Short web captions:

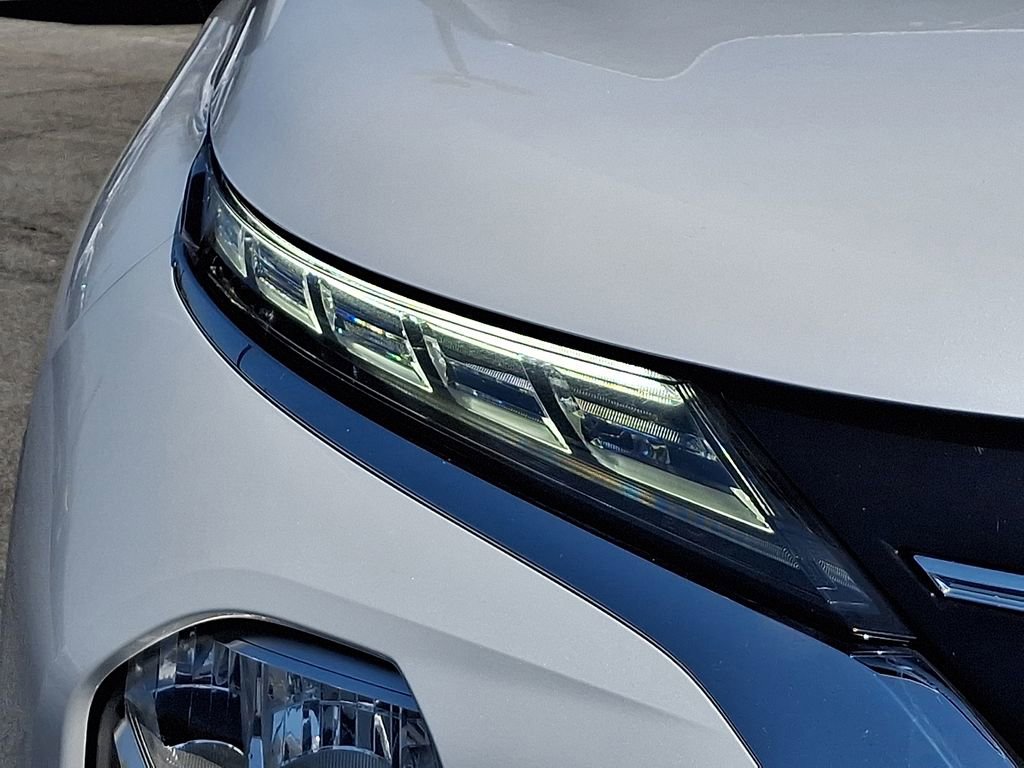 Used 2025 Mitsubishi Outlander SE AWD/4WD image 11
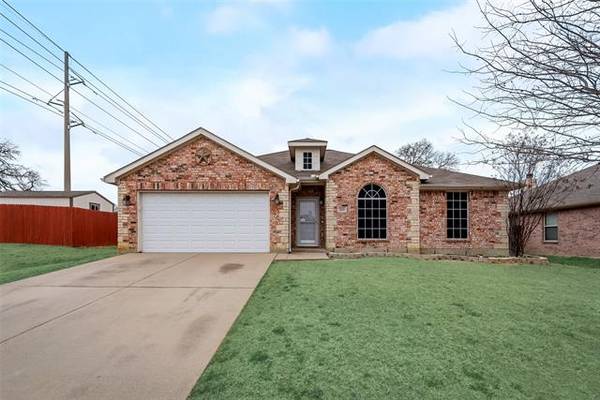 2102 Cancun Drive, Mansfield, TX 76063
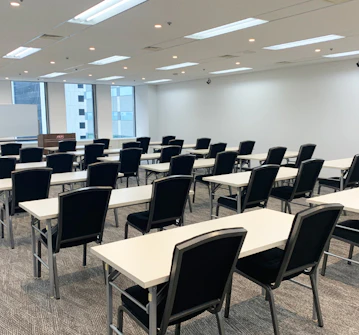 TKP新橋カンファレンスセンター カンファレンスルーム10D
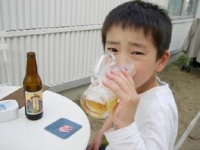 こどもびいるを飲むシグちゃん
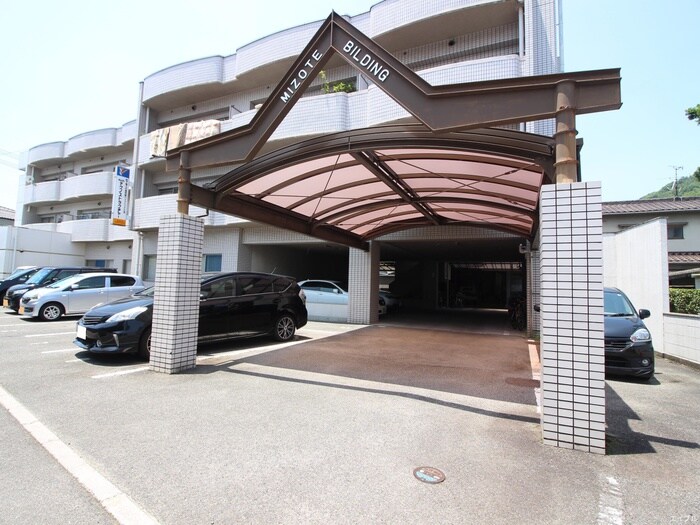 物件外観写真5　(エントランス部分)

Problem to solve – Without including any pictures, copy every line above exactly.

Result of the task –
 Used 2025 Mitsubishi Outlander SE AWD/4WD image 11
 2102 Cancun Drive, Mansfield, TX 76063
 TKP新橋カンファレンスセンター カンファレンスルーム10D
 こどもびいるを飲むシグちゃん
 物件外観写真5　(エントランス部分)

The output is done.